Crash in a Crosswalk


Kirsten asked: My friend and her husband got hit by a woman in a car, while they were on their bikes in a crosswalk. No one was injured but their bikes got messed up. The woman who hit them, called the law and my friend and her husband were told they would be ticketed for going the wrong way in the cross walk if they were to press charges against the woman. Obviously being they were in a crosswalk there is no right or wrong way, so was the woman who hit them in the wrong?


When in a crosswalk, cyclists have the same rights and duties as pedestrians.

s. 316.2065 – Bicycle Regulations

(9) A person propelling a vehicle by human power upon and along a sidewalk, or across a roadway upon and along a crosswalk, has all the rights and duties applicable to a pedestrian under the same circumstances.

For a pedestrian or a bicyclist on a sidewalk or crosswalk, there is no right or wrong direction.

Drivers must yield to pedestrians and cyclists in a crosswalk. However, they must already be in the crosswalk in sufficient time to allow the other driver to see them and yield. Whether anyone was at fault would be determined by the nature of the intersection, position and speed of all parties before the incident.

There is a full discussion in this post and the comments that follow.

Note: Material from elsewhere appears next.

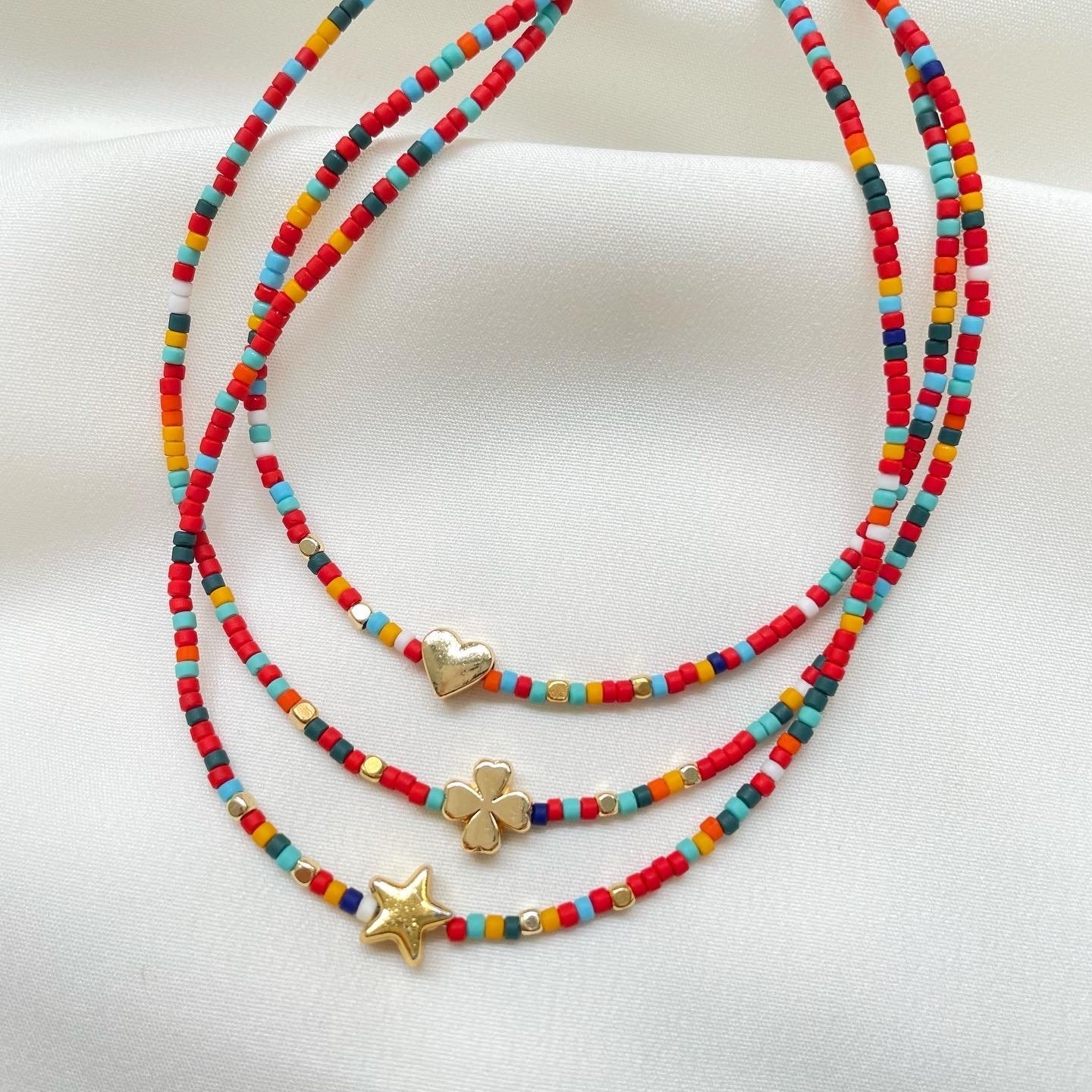 Rengarenk Afgan Boncuklu Minimal Kolye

18 comments on “Crash in a Crosswalk
  1. Phil Leinbach says:

    It’s sad when law enforcement doesn’t know the law. I fight this battle in Pinellas County all the time. I would welcome a meeting with the sheriff so I can explain the law to him. It’s like the bicyclist is always wrong.

    • Linda says:

      CrossWALK not CrossRIDE ! When crossing children at a young age in the crosswalk as a CROSSING GUARD I have to nicely verbally tell the children to get off their bikes or bicycle and walk the bike across in crosswalk. That was part of my job and that was the rules that I had to abide by and teach them.
      Bike Lane for bicyclist going by the law riding bicycle in same direction as traffic for green light! So I fine it difficult to see to see a person on sidewalk with telephone poles riding bicycle in opposite direction as me, a far distance away before the light and them not stopping to push button for the walk single they just straight ride into the road. I can’t stop on a dime. I’ve been lucky to not hit anyone and then turn corner and people are crossing when my eyes just see them. They want to go between two cars in stopped in traffic and than cross. I see it is dangerous for everyone involved in this hurry state of mind way of life. I can say I have been rear ended 3 times in 6 years and almost run over by someone not stopping for me and student in crosswalk because they took a right turn blew the stop sign to get in front of traffic that was a mile long. Them never thinking of looking to the right before turning onto another street IN FRONT OF A SCHOOL!
      I have to say the School bus drivers, Teachers, Mothers that drive SUV’s and City Buses I had to call out for speeding and let companies know who they were! One time I saw the middle school police office two seconds later coming out the side street and officer wondered why I was yelling at the car, I told him looks like he was going at least 35mph in 15 school zone he decided to go after and Police office told me later it was someone on the school board! He only gave him a verbal warning because he wasn’t there to see him speeding in that school zone.
      Now my mom is blind and she would never be able to walk in crosswalk without my eyes. Blind have the right too! I have studied watching people for many years at the lights and in school zones. I have been a crossing guard and a sign advertiser and seen so much in 12 years with more than 20,000 hours I just don’t know how to write or I would write a book on it. So everyone keeps your ears and eyes open and get off your phones and try to see whats around you. Lastly people have done UTURNS and almost up the back of my heals on the sidewalk . Just because I have an arrow sign???? Doesn’t mean turn around and turn here to do U eee! Are they driving on drugs????

      • Raj Bhatt says:

        I respect your service as a crossing guard for all these years but in relation to the article, your comment really doesn’t make much sense. The law is clear, if the bicycle was in the crosswalk and entered with enough time to allow the oncoming vehicle to stop, then the vehicle who hit the bicycle is totally in the wrong.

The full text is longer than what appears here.